Still, women entrepreneurs believe that gender biases are not as prevalent as they once were. It is "much easier for women to be taken seriously now than it was 15 years ago in what has traditionally been a heavily male industry," Armour says. "In addition to having a good number of women working in our industry today, we also have the input of women at strategic levels of decision-making. That's a really important difference right now."
As a result, it's easier to find role models who can be a valuable resource for women entrepreneurs. Armour, for example, feels "an obligation to mentor other women and help them avoid some of the things I encountered." And Dukor encourages women to reach out to male and female CEOs, many of whom are eager to help those who want to follow in their footsteps.
Although building networks comes naturally to community-oriented women, developing and maintaining a business network is not a skill that we all have," Contag says. However, "it is crucial to our business." Vercellotti, for example, has benefited from being a member of the American Chemical Society's Division of Small Chemical Businesses.
Building good relationships with employees is equally important, Dukor says. "I've learned to be totally open and honest with my employees," sharing successes and communicating problems such as a temporary need for a delayed payroll, says Dukor, who adds that she feels accountable "for the lives of every employee."
At the same time, Dukor says she has always taken on "responsibility for the success of every single customer who has put their trust in me." Especially when BioTools was new, she wanted to make sure that clients benefited immediately by applying the company's technology to their targeted applications. "Their success became my success," she says.
Even as head of a publicly traded company, Parker admits that she feels the weight of increased responsibility to employees, other shareholders, clients, and patients who take the drugs developed by Targeted Genetics. "That responsibility can be the most exhilarating thing in the world or it can keep you up at night. I find both to be true, depending on the week," she says. "I don't mind telling people that it tears me up when we have had to do layoffs here. And we had a patient death on a clinical trial last year that turned out to be unrelated to one of our drugs, but it was a horrible event and a very emotional event for me."
Other entrepreneurs are particularly burdened by their responsibility to investors—something that Marrone counts as "the biggest downside to founding a business," she says. "As soon as you take investors' money, you become beholden to them, so it is naÏve to think that you are still calling the shots."

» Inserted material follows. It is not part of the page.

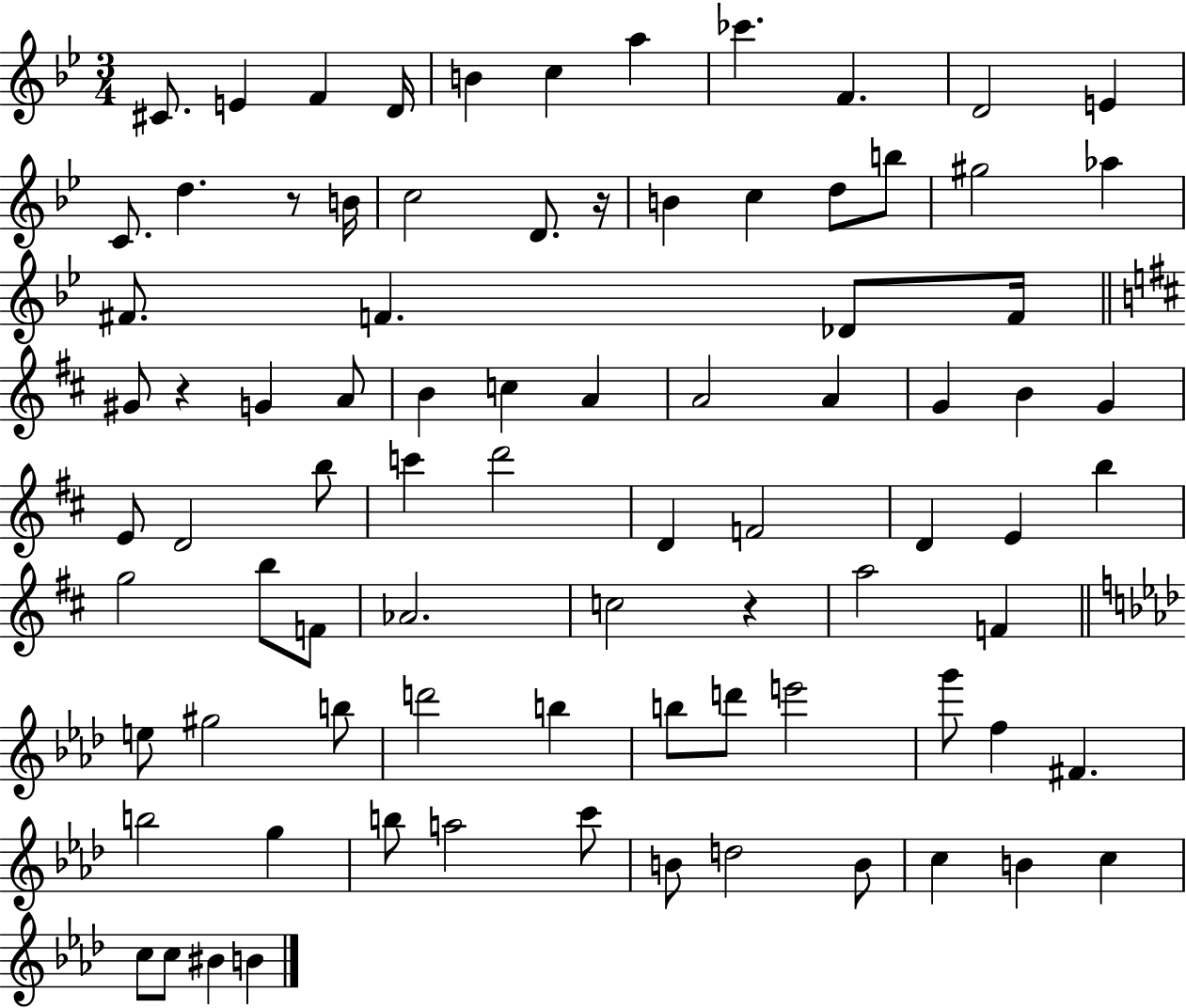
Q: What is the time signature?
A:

Still, Marrone says she is happy to be divorced from the politics and the bureaucracy associated with a large corporation. She finds it "freeing" to be able to "really set a company's direction and see my ideas come to fruition more quickly."
Dukor, too, embraces the flexibility of owning her own business. "Basically, I can commercialize anything I want. There is no boss to shoot down my ideas. So if I have an idea in the middle of the night, I can come in the next morning and put people on it and try it. I really love that."